We introduce three core techniques to our RL-based training framework to significantly expand the operational workspce of humanoid robots whereas ensuring robustness of locomotion:
- Upper-body pose curriculum: Enable balance under continuous changing upper-body poses.
- Height tracking reward: Enable the robot to squat to any required heights robustly and quickly.
- Symmetry utilization: Make the robot act more symmetrically & improve data efficiency.
Our framework is totally MoCap-free, resulting in a more efficient pipeline.
Our framework can be used to train different kinds of robots such as Unitree G1and Fourier GR-1.
Unitree G1 trained in Isaac Gym.
Fourier GR-1 trained in Isaac Gym.
After training with our framework on an Nvidia RTX 4090 for only about 3 hours , we can get policies that can be deployed directly in the real world to drive robots walk and squat robustly.

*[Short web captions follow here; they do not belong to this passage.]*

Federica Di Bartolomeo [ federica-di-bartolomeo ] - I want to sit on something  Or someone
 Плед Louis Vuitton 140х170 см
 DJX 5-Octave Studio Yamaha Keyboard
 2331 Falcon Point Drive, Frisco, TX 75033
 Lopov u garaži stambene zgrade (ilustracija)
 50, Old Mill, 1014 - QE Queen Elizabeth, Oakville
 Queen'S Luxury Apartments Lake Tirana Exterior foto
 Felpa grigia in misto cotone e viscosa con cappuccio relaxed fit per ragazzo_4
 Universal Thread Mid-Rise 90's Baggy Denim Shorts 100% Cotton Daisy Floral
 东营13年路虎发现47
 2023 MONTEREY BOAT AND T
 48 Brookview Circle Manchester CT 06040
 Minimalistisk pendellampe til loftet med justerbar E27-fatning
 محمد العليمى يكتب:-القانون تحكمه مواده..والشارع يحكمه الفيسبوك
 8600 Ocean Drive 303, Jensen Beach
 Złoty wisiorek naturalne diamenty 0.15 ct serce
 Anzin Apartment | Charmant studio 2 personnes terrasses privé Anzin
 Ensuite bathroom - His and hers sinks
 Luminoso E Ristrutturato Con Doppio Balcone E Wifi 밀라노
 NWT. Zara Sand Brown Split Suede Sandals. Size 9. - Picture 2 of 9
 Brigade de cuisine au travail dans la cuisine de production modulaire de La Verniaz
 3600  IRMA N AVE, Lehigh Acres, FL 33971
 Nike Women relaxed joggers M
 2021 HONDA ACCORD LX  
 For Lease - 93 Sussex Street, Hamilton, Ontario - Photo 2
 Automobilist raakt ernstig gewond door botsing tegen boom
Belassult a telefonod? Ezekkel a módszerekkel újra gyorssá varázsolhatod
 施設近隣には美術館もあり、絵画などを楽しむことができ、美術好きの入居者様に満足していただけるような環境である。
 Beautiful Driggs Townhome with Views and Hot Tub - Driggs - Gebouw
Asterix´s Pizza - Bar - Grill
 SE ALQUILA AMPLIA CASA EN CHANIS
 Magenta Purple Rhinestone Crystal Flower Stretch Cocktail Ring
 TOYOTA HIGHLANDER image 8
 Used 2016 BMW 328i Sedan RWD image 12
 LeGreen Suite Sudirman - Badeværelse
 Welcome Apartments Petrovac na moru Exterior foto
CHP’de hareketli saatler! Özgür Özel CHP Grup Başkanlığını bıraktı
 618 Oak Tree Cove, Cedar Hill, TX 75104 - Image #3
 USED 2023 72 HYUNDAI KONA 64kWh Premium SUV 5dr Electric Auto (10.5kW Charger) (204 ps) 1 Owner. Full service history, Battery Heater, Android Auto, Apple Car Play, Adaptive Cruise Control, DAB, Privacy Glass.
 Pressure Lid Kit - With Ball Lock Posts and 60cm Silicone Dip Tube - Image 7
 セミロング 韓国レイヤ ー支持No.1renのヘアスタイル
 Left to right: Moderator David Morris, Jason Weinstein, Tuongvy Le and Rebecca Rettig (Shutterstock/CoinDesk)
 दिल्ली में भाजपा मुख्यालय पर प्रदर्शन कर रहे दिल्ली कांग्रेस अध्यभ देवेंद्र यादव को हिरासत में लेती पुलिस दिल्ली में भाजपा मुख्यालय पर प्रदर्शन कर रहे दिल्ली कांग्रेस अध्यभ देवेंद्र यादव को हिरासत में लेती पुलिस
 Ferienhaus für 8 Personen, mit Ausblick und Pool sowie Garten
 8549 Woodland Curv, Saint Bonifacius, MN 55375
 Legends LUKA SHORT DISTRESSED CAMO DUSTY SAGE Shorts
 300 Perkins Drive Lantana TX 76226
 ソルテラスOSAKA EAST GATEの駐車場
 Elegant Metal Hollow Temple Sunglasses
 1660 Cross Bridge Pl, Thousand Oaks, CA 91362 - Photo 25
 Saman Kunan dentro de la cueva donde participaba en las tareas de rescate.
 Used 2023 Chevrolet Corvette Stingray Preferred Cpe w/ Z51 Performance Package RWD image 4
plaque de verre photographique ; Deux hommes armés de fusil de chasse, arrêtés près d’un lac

We conduct serval ablation experiments to verify the effectiveness of our framework, and we find:
- Our upper-body pose curriculum can help robots better learn to balance under dynamic upper-body movements gradually than methods without curriculum or with other curriculum style.
- The introduction of novel height tracking reward can accelerate the training for robot squatting.
- The symmetry utilization can both significantly accelerate the training process by over 10 times and guarantee the symmetry of the trained policy.